Tra gli obiettivi che la legge in esame si propone di perseguire, 
senz’altro grande importanza assume l’esigenza di rendere 
l’amministrazione maggiormente democratica e trasparente. Al  fine 
quindi di garantire una migliore amministrazione non solo dal punto di 
vista dell’efficienza e dell’efficacia dell’attività amministrativa, ma 
anche per mutare in meglio i rapporti fra amministratori e amministrati, 
togliendo alla prima la sue connotazioni più o meno palesemente 
autoritarie e mirando dunque a realizzare modelli organizzativi 
tendenzialmente partecipati e democratici, il capo V della legge 7 agosto 
1990, n. 241 riconosce il diritto d’accesso ai documenti amministrativi : 
il diritto, cioè, di prendere conoscenza dei documenti che stanno a base e 
giustificazione dell’intera azione politica e amministrativa, a disporre 
delle fonti da cui discendono gli atti. 
Benché l’oggetto specifico della nostra trattazione sia lo studio 
delle garanzie poste a tutela del diritto d’accesso, è apparso utile fare una 
breve analisi dei caratteri essenziali dell’istituto, al fine di dare un 
2
quadro chiaro e completo delle diverse problematiche che ancora oggi, a 
distanza di quindici anni dal varo della legge sul procedimento 
amministrativo, rendono difficoltosa l’applicazione effettiva del 
principio di trasparenza, e quindi della tutela del diritto d’accesso. 

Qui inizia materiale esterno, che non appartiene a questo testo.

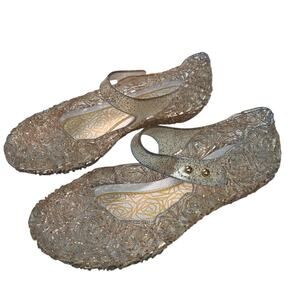 OMGard Little Girls Size 12.5 Clear Glitter Flats Floral Mary Jane Jelly Shoes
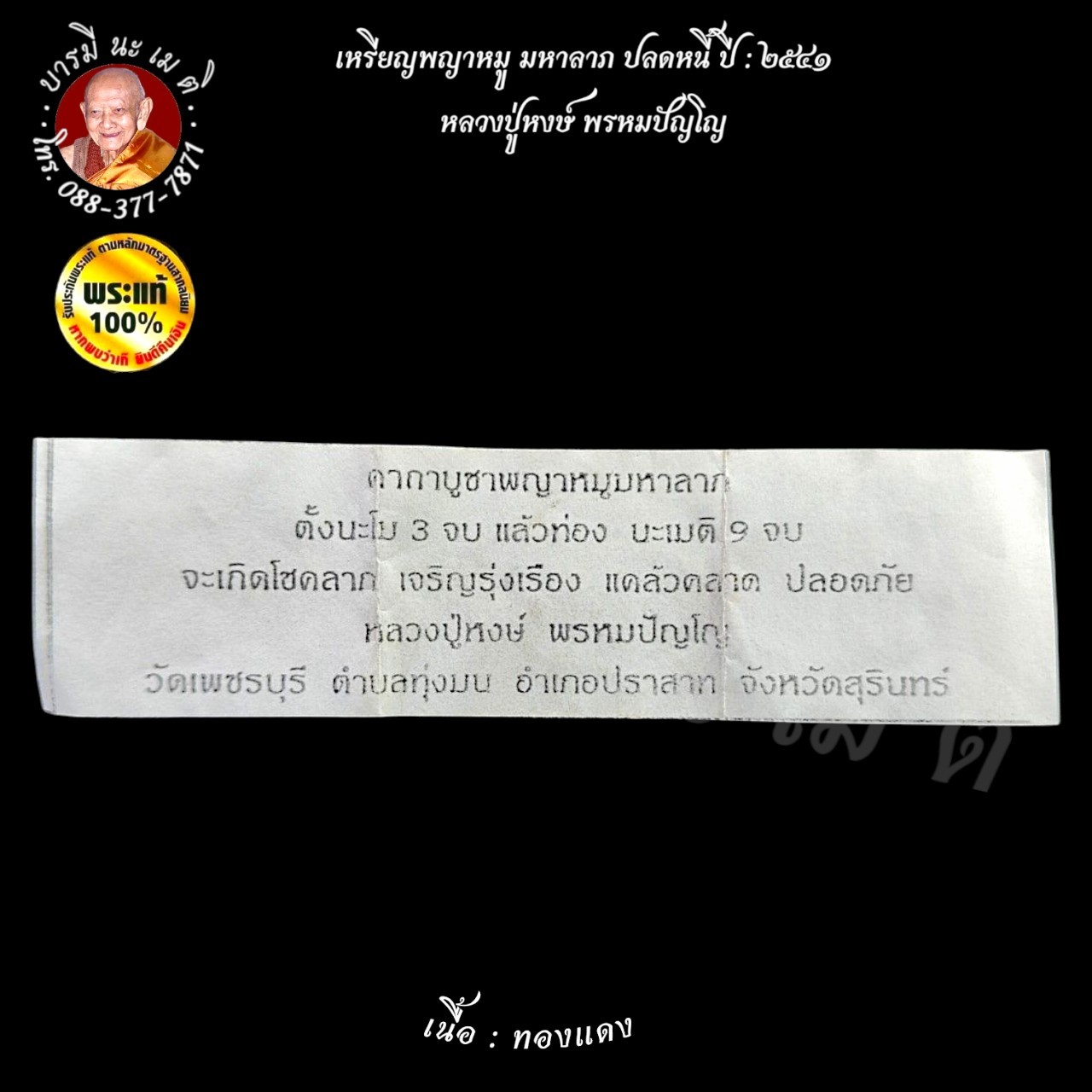 เหรียญพญาหมู มหาลาภ ปลดหนี้ เนื้อ : ทองแดง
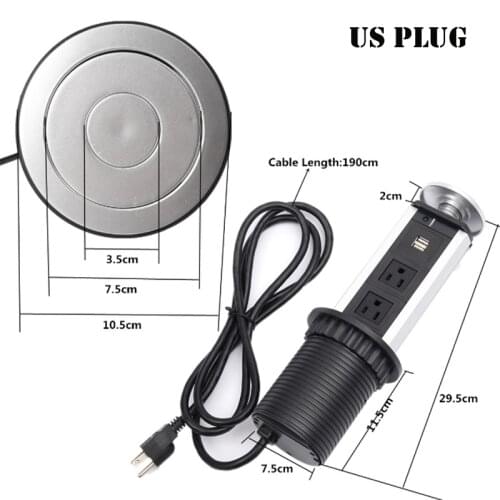 New American Hidden 3 jack US desktop USB power outlet Office Kitchen Vertical Lifting pdu extension socket 2M 15A 120V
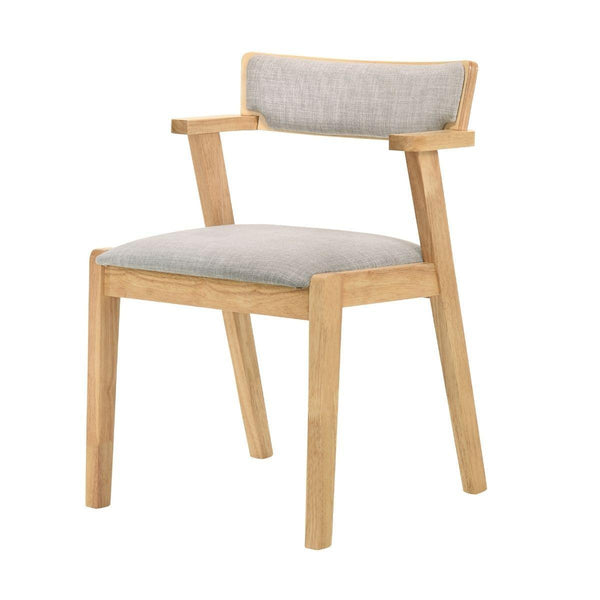 Elmo Dining Chair with Arm Rest in Natural - John Cootes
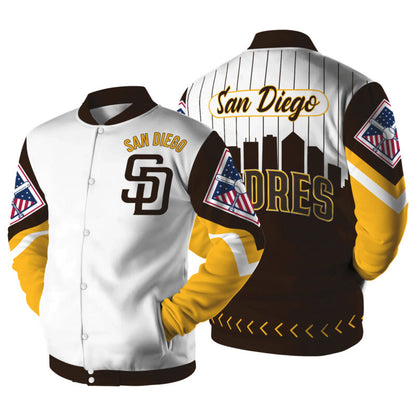 [FLASH SALE] NEW CUSTOMIZED MLB18 SD PADRES SATIN VARSITY & BASEBALL JACKET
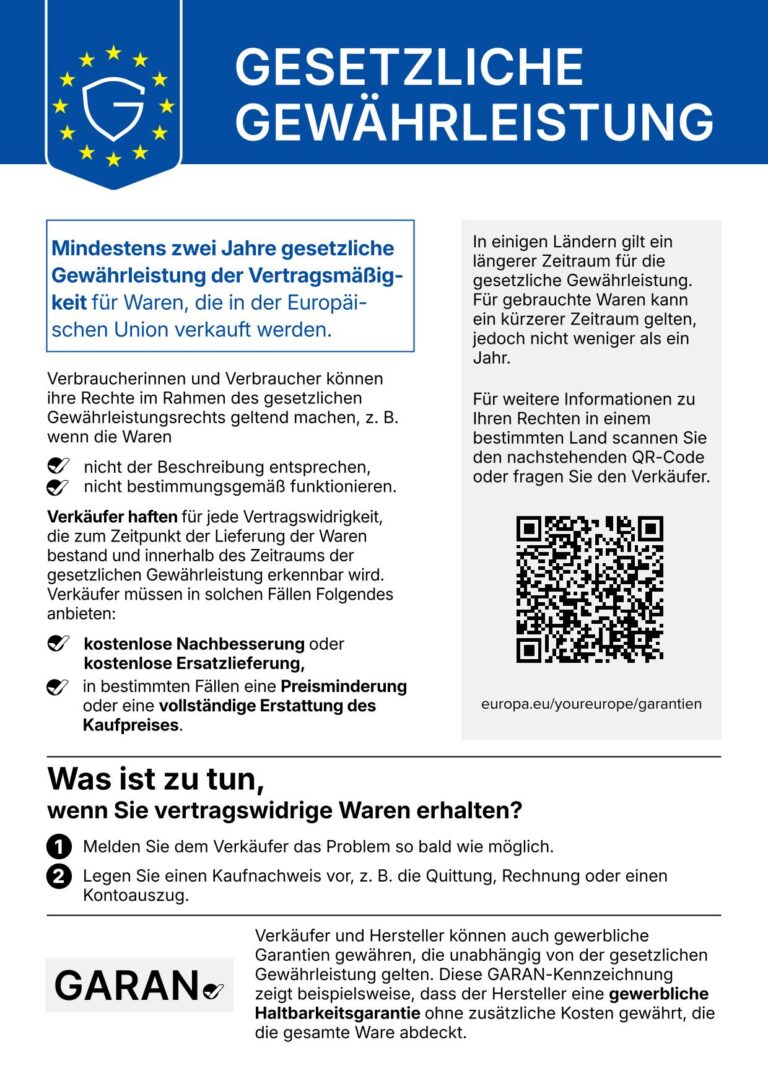 Offizieller EU-Hinweis zur gesetzlichen Gewährleistung: Verkäufer haften mindestens 2 Jahre für Mängel, die bei Lieferung bestehen.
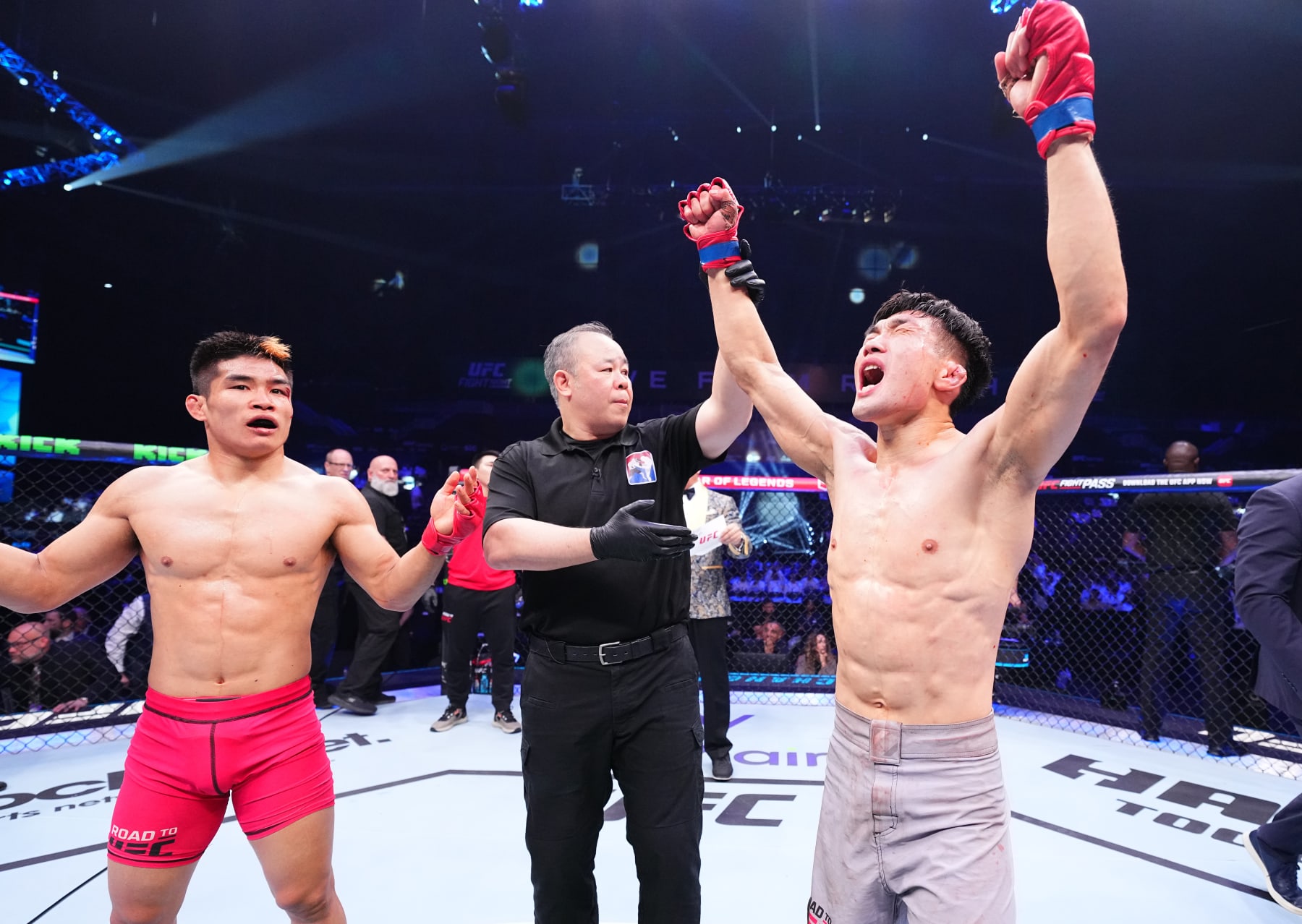 RIYADH, SAUDI ARABIA - JUNE 22: ChangHo Lee of South Korea reacts after his victory against Xiao Long of China in a bantamweight fight during the UFC Fight Night event at Kingdom Arena on June 22, 2024 in Riyadh, Saudi Arabia. (Photo by Chris Unger/Zuffa LLC via Getty Images)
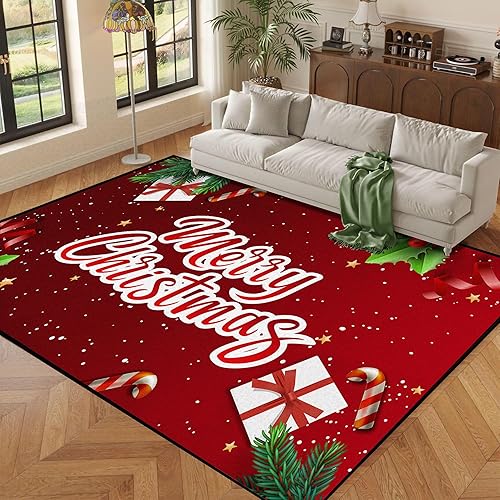 Miniatura 21 de Alfombra de área de 5' x 7' para Navidad, alfombra para dormitorio y sala de estar, alfombra decorativa de Navidad, alfombra antideslizante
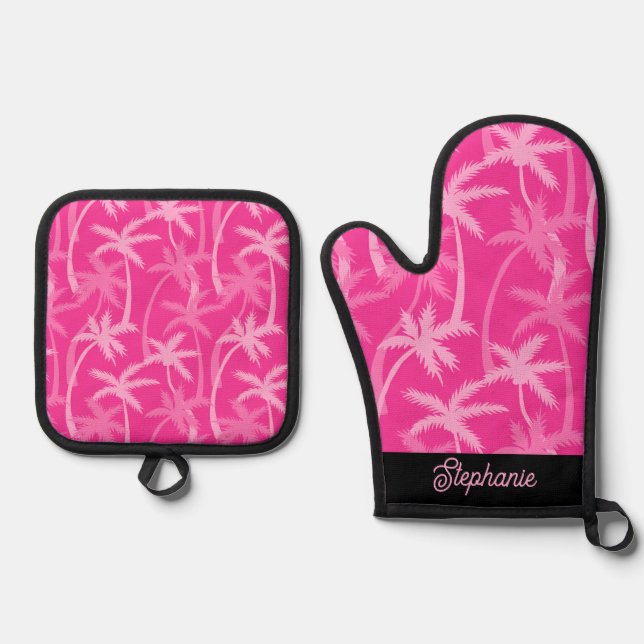 Moderne Personalisierte, Mit Monogramm Palmen Ofenhandschuh & Topflappen-Set (Vorderseite)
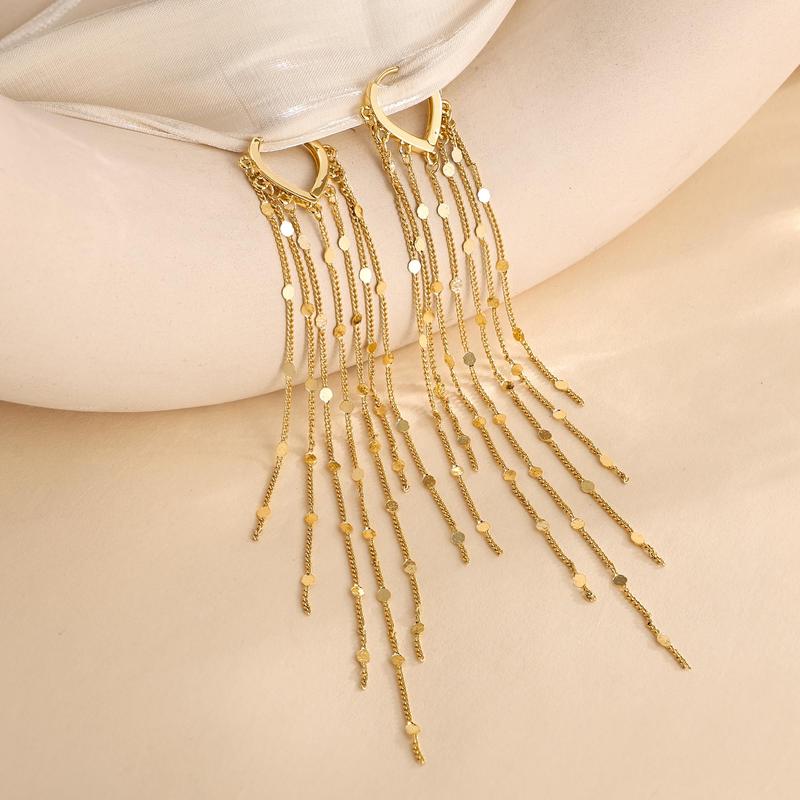 14k Tassel Chain Hoop Earrings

Pertanto, dopo aver tratteggiato brevemente nel primo capitolo, il 
fondamento teorico del diritto, soprattutto in riferimento alle disposizioni 
costituzionali, e dopo aver ripercorso le fasi storiche che hanno portato al 
riconoscimento normativo dello stesso, nel secondo capitolo ci siamo 
occupati dei profili sostanziali.
Nello specifico abbiamo analizzato gli elementi che maggiormente 
si ricollegano alla questione della tutela come la titolarità del diritto, la 
natura giuridica, i limiti oggettivi, i documenti accessibili e le modalità 
d’accesso .
  Le questioni della titolarità del diritto e della sua natura giuridica 
hanno creato grosse difficoltà interpretative dovute spesso alle generiche 
e a volte imprecise espressioni impiegate dal legislatore. La necessità di 
risolvere tali dubbi nasce dal fatto che da tali aspetti dipende la funzione 
e le finalità che l’accesso ai documenti amministrativi è destinato ad 
assolvere nell’ordinamento e dalle evidenti ripercussioni che essi hanno 
sull’esperibilità dei rimedi posti a tutela del diritto stesso. 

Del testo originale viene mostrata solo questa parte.